Genel olarak 'Yerli halklar' diye tanımlanan, doğayla iç içe yaşayan toplumlar dünya nüfusunun artık yüzde 5'ten azını oluşturuyor ama gezegenimizin biyolojik çeşitliliğinin yüzde 80'ine katkıda bulunuyor ya da bizzat koruyorlar.
Genellikle iklim değişikliğinden en çok etkilenen toplumlar olan yerli halklar aynı zamanda doğal kaynakları verimli ve sürdürülebilir kullanmak ve iklime uyum sağlamak konusunda binlerce yıllık bir deneyime sahip.

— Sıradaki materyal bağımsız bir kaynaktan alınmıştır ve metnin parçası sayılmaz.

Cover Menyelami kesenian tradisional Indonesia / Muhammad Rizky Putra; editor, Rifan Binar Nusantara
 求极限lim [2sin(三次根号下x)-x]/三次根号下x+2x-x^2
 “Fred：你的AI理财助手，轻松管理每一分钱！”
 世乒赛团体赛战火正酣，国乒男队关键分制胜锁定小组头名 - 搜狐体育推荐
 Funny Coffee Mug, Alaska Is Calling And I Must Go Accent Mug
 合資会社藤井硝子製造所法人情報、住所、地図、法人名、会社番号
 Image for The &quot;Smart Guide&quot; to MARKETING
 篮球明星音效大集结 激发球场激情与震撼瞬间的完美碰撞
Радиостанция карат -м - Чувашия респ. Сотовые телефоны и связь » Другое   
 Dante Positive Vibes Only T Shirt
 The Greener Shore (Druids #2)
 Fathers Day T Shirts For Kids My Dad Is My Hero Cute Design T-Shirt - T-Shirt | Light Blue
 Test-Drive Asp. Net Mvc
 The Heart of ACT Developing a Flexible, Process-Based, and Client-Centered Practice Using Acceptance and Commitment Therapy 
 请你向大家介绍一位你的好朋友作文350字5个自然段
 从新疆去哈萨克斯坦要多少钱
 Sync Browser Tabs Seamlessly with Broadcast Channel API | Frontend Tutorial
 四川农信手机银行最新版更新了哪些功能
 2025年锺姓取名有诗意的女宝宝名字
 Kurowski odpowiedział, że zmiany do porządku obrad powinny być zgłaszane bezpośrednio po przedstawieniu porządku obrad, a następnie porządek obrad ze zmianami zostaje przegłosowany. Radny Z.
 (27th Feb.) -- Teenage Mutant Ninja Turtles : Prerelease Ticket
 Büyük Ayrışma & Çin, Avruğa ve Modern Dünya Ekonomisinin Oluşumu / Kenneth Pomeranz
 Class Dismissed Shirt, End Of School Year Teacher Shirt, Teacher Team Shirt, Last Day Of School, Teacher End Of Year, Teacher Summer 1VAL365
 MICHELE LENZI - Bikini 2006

Birleşmiş Milletler iklim değişikliği masasından doktor Koko Warner, yerli halkların küresel ısınmayla mücadeleye katkılarının hayati önem taşıdığını söylüyor.
"İnsanlar olarak hep birlikte değer sistemlerimizi birleştirip, karıştırıp, büyüteceğimiz ve doğa açısından pozitif bir güç oluşturacak yeni pratikler geliştireceğimiz bir gelecek senaryosu umuyorum" diyor.
Peki yerli halkların içinde yaşadıkları çevreye uyumla ilgili bilgi birikimi nereden geliyor ve gerçekten işe yarıyor mu?
Gezegenimiz 50. Dünya Günü'nü kutlarken bu çevre mücadelesi öncüsü toplumlardan beşini biraz daha yakından tanıtmak istedik.
Afrika'nın yarı kurak Sahil bölgesi, kullanılan çok eski tarım teknikleri sayesinde yeniden canlanıyor.
Tarihi bir tarım tekniği olan Zai, Burkina Faso'da 1980'lerden itibaren yeniden daha geniş alanlarda uygulanmaya başlandı.
Bu teknikte, toprakta küçük çukurlar açılıyor, yağmur mevsiminden önce bu çukurlar humuslu toprak, gübre ve tohumlarla dolduruluyor.
Bu çukurlar iklim değişikliği nedeniyle giderek azalan ve belirsizleşen yağışlarla gelen kıymetli suları tutarak bitkilerin daha uzun süre sulanmasını sağlıyor ve toprağın verimini de artırıyor.
Bu geleneksel tarım yöntemi artık sadece Burkina Faso değil Nijer, Mali, Senegal ve Çad'da da kullanılıyor ve gıda güvenliği sorununu hafifleten bir etki yaratıyor.
Hindou Oumarou İbrahim, Çad'ın kırsal bölgelerinde yaşayan Mbororo halkına mensup. Zai tekniğine kendi bölgesinde "Karal" ya da "Buriye" dendiğini anlatıyor.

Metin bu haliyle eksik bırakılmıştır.